Picking the fly shit outta the pepper.
I made some plates yesterday using some coloured slips and my
thick slip application. I love slip application because it is immediate,
tactile and shows the casualness of the process. I remember spending a firing
at the late Ruth Gowdy McKInley’s and her showing me one of her favourite pots.
Ruth was probably the tightest most impeccable potter on this earth but the pot
she loved was by John Reeves. It was a porcelain vase unevenly trimmed, kinda
heavy and lop sided. Why did she love this pot was my thought? As a young beginner I thought light and
machine finish precision was what I should aim for. As with most beginners I
was busy picking the fly shit out of the pepper. In other words I was
concentrating so much on the minutiae that I was missing the beauty and life in
that pot. Many are taught that they should arm their studios with a janitor’s
closet full of sponges, scrubbies,sandpapers of all grades and cleaning paraphernalia to absolutely erase
all evidence of the maker’s marks. They never see the forest for the trees.
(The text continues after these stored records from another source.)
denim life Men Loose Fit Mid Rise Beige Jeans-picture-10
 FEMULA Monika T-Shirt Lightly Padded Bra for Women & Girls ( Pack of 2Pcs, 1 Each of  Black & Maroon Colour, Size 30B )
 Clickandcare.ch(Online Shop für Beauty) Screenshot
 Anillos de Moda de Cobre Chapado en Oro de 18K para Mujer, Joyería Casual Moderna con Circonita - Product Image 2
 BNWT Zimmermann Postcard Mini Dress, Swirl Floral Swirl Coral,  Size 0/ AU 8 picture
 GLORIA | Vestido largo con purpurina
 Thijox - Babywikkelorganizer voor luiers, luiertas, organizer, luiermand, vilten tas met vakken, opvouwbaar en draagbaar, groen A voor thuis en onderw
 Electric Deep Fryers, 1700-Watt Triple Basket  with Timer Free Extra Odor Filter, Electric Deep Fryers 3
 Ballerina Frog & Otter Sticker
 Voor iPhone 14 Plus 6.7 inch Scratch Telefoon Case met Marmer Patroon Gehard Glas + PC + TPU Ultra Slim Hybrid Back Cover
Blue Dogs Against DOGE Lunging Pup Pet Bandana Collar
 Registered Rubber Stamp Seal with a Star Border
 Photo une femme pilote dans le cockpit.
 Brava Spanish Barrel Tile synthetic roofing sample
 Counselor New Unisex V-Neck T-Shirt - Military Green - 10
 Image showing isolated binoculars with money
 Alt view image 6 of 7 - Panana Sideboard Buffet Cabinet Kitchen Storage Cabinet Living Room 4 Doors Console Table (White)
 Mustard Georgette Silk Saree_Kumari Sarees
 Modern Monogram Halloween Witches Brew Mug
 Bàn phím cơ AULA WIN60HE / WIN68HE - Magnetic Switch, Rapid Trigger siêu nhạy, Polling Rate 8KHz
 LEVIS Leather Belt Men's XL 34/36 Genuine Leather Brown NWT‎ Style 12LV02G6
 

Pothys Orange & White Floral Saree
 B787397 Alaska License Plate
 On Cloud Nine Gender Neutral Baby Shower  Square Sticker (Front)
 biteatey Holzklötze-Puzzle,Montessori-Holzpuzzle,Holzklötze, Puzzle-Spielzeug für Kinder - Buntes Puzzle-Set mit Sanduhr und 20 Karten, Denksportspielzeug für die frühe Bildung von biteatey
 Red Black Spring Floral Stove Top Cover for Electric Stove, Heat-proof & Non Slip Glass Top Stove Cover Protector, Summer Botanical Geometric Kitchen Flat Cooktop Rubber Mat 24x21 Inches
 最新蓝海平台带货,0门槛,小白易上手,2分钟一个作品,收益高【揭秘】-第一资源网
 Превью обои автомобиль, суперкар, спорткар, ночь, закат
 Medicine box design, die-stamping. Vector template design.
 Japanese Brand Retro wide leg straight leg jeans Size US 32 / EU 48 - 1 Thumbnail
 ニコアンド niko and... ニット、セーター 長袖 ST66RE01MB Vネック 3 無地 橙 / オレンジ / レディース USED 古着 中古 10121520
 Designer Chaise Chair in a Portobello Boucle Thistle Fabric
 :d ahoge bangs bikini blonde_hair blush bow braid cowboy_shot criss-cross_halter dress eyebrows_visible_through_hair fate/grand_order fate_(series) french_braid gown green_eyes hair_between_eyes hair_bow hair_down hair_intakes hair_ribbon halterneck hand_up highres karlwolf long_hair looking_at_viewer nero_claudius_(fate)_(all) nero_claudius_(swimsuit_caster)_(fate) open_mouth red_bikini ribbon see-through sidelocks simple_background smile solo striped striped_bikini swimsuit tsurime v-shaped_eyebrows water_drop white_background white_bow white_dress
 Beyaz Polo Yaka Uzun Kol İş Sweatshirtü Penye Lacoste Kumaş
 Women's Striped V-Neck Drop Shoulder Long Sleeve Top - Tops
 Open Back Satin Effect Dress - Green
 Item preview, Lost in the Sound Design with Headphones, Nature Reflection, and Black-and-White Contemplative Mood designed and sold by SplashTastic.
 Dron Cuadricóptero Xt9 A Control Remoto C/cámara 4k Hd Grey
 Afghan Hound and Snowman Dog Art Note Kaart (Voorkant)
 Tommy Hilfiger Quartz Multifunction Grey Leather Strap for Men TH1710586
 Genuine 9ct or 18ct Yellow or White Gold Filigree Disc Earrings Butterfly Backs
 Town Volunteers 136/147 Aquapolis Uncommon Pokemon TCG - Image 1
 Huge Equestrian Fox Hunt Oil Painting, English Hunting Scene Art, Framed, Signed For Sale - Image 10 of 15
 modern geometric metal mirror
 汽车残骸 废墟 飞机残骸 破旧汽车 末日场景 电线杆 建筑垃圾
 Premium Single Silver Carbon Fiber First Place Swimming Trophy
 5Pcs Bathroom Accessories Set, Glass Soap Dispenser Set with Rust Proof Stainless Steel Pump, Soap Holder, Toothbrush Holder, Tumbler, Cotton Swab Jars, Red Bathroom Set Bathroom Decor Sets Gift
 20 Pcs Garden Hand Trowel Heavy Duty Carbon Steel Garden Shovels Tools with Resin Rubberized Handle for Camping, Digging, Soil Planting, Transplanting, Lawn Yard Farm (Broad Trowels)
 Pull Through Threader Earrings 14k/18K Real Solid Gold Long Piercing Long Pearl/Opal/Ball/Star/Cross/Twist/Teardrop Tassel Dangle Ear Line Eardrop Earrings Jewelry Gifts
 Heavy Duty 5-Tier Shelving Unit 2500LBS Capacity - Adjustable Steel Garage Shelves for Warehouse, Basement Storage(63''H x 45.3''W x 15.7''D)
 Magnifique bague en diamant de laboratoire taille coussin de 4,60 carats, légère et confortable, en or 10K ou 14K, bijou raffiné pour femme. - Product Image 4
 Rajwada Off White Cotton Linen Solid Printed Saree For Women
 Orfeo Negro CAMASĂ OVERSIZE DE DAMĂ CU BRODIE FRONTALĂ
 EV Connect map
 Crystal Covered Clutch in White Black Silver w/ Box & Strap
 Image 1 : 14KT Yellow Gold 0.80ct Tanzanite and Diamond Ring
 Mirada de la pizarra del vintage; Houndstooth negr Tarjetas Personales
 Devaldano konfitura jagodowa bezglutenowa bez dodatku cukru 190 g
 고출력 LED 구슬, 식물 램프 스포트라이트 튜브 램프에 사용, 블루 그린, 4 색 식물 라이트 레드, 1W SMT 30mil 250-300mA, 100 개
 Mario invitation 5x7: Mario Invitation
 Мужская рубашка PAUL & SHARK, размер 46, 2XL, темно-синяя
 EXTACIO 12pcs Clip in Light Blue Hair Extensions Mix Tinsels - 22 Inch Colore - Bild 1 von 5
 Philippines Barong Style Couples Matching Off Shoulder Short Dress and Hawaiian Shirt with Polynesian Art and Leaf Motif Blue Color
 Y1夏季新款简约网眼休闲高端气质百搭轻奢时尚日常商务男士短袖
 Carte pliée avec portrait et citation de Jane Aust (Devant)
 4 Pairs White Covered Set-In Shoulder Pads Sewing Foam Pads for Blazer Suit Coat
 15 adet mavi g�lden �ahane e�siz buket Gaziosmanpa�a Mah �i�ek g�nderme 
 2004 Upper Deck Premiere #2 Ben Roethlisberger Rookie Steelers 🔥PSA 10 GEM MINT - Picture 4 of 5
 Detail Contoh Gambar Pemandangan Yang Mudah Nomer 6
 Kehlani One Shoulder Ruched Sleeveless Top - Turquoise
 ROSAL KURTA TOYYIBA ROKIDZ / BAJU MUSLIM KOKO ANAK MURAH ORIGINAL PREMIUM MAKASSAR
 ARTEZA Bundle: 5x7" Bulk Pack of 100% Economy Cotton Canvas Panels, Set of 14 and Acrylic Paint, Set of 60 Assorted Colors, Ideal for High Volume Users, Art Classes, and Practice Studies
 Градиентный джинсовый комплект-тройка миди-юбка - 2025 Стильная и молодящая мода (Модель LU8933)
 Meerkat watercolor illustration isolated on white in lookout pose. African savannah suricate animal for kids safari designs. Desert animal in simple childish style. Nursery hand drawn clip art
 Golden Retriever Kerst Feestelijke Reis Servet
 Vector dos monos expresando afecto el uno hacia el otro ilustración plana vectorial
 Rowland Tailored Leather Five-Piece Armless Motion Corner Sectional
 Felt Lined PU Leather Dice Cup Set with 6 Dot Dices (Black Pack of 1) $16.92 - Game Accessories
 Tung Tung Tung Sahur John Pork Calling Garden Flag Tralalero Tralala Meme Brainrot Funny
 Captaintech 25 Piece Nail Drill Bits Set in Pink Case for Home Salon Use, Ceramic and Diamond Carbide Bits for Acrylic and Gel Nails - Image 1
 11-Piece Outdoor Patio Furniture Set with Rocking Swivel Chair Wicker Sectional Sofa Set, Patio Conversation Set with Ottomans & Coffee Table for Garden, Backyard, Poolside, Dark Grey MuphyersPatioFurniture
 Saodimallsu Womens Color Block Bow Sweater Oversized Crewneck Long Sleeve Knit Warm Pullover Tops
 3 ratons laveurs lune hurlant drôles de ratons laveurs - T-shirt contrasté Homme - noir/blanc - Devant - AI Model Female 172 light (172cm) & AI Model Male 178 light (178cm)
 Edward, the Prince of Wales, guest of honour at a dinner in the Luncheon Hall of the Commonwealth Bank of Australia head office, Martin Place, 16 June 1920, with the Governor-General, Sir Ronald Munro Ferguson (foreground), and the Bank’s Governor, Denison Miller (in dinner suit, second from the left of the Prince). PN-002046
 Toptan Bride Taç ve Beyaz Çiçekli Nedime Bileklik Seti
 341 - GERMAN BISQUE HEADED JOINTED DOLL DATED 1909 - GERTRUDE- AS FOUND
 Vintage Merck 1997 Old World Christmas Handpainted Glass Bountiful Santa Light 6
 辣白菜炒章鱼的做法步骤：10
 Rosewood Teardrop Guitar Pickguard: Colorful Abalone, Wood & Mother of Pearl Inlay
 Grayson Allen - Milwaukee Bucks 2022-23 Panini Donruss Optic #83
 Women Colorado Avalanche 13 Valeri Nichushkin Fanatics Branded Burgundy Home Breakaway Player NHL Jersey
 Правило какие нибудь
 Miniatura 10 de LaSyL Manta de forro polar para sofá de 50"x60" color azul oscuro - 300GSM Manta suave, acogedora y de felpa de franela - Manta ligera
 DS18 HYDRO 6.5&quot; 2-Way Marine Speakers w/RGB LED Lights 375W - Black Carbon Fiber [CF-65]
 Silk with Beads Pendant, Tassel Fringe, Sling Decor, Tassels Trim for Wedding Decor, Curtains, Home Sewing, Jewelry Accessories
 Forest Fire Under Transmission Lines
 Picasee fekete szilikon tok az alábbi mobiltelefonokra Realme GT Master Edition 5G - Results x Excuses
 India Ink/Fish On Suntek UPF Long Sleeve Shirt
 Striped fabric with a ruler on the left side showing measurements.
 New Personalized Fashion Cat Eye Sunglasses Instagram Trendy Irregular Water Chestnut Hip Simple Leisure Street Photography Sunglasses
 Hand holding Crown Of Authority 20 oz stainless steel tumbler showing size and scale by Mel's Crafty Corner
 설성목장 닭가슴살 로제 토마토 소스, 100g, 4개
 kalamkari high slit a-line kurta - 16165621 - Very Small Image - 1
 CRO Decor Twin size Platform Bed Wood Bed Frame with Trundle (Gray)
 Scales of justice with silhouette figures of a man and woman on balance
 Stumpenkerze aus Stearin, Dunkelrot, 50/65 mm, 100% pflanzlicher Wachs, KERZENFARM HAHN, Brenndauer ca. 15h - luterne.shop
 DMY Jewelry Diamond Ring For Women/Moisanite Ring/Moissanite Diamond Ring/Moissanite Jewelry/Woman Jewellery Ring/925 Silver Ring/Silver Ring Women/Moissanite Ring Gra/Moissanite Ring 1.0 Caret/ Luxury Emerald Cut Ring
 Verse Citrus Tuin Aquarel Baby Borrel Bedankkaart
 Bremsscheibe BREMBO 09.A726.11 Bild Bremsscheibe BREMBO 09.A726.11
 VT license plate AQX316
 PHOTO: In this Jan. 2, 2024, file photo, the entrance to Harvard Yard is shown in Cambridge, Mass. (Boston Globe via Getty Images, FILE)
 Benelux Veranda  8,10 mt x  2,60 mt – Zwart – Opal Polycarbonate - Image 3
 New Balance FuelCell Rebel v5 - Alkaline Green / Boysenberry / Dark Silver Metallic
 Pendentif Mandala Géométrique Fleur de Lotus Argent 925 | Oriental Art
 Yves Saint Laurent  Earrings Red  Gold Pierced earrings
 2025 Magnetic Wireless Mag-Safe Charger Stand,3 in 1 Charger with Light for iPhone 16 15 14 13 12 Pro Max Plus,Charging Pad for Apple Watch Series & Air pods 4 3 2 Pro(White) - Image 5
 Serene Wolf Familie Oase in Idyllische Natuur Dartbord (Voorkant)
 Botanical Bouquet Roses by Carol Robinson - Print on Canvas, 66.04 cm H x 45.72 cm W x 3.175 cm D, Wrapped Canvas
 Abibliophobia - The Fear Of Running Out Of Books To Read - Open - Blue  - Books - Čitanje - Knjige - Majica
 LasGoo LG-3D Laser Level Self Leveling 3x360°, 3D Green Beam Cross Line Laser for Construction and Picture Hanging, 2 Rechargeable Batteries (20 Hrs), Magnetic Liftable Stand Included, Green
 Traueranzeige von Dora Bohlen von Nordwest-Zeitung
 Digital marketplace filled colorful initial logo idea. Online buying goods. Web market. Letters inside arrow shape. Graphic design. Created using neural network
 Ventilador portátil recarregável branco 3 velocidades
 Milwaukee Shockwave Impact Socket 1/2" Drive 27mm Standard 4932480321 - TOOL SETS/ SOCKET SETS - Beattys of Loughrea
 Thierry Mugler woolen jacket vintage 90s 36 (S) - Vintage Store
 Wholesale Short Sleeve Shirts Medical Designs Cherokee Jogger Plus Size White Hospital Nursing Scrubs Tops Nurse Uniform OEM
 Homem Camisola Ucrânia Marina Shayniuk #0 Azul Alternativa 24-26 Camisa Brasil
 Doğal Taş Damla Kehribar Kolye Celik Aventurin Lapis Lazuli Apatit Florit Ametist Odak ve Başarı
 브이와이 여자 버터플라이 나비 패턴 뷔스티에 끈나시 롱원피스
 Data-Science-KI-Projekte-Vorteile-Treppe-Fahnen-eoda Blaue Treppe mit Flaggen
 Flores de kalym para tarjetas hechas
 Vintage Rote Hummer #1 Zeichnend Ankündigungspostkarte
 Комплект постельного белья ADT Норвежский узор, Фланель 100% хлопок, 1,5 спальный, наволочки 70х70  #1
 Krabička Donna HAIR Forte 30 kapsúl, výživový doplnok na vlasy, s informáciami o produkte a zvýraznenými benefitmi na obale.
Some see only the trees while others see a landscape.
I write this blog like I make pots. I think about it during
the day or in my sleep and then I write it. Bam, done in ten minutes or less.
Yes, there are grammar and sentence structure mistakes but I hope it is alive,
personal and maybe makes you wonder why does he love this pot, this process, this life? Some would take
all morning to write a blog post. I just swallow the pepper and can’t tell the
difference. I find pepper rather tasty actually!